┌────────
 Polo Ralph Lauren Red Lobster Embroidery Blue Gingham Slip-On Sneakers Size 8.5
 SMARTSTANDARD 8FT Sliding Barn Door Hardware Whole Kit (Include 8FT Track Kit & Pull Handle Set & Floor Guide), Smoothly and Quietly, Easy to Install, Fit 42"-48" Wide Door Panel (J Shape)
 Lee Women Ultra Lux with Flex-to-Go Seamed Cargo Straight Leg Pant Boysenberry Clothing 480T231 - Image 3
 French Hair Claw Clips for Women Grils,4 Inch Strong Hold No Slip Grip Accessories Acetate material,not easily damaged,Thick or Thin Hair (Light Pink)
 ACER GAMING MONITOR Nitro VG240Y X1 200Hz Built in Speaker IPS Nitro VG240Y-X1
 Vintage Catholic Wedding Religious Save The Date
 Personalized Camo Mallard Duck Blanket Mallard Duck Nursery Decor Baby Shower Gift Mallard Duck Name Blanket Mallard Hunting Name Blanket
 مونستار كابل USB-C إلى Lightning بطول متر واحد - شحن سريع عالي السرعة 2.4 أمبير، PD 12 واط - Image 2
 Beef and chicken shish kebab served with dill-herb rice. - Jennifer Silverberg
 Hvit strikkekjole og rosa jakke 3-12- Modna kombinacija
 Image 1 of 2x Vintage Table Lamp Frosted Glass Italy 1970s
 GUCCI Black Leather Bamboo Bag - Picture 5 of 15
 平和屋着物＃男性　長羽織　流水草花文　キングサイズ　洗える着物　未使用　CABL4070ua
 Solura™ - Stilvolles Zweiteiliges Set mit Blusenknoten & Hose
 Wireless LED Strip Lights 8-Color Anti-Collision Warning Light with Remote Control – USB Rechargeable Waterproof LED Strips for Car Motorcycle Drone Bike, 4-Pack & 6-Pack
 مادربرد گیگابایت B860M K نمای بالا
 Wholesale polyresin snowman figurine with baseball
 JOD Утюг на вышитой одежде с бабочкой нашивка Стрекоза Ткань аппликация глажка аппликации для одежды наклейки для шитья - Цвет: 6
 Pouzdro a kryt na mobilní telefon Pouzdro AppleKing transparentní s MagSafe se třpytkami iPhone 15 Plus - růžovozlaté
└────────
• WHAT NEEDS TO BE DONE
All of the data above must be repeated exactly.

• ANSWER TO THIS PROBLEM
 Polo Ralph Lauren Red Lobster Embroidery Blue Gingham Slip-On Sneakers Size 8.5
 SMARTSTANDARD 8FT Sliding Barn Door Hardware Whole Kit (Include 8FT Track Kit & Pull Handle Set & Floor Guide), Smoothly and Quietly, Easy to Install, Fit 42"-48" Wide Door Panel (J Shape)
 Lee Women Ultra Lux with Flex-to-Go Seamed Cargo Straight Leg Pant Boysenberry Clothing 480T231 - Image 3
 French Hair Claw Clips for Women Grils,4 Inch Strong Hold No Slip Grip Accessories Acetate material,not easily damaged,Thick or Thin Hair (Light Pink)
 ACER GAMING MONITOR Nitro VG240Y X1 200Hz Built in Speaker IPS Nitro VG240Y-X1
 Vintage Catholic Wedding Religious Save The Date
 Personalized Camo Mallard Duck Blanket Mallard Duck Nursery Decor Baby Shower Gift Mallard Duck Name Blanket Mallard Hunting Name Blanket
 مونستار كابل USB-C إلى Lightning بطول متر واحد - شحن سريع عالي السرعة 2.4 أمبير، PD 12 واط - Image 2
 Beef and chicken shish kebab served with dill-herb rice. - Jennifer Silverberg
 Hvit strikkekjole og rosa jakke 3-12- Modna kombinacija
 Image 1 of 2x Vintage Table Lamp Frosted Glass Italy 1970s
 GUCCI Black Leather Bamboo Bag - Picture 5 of 15
 平和屋着物＃男性　長羽織　流水草花文　キングサイズ　洗える着物　未使用　CABL4070ua
 Solura™ - Stilvolles Zweiteiliges Set mit Blusenknoten & Hose
 Wireless LED Strip Lights 8-Color Anti-Collision Warning Light with Remote Control – USB Rechargeable Waterproof LED Strips for Car Motorcycle Drone Bike, 4-Pack & 6-Pack
 مادربرد گیگابایت B860M K نمای بالا
 Wholesale polyresin snowman figurine with baseball
 JOD Утюг на вышитой одежде с бабочкой нашивка Стрекоза Ткань аппликация глажка аппликации для одежды наклейки для шитья - Цвет: 6
 Pouzdro a kryt na mobilní telefon Pouzdro AppleKing transparentní s MagSafe se třpytkami iPhone 15 Plus - růžovozlaté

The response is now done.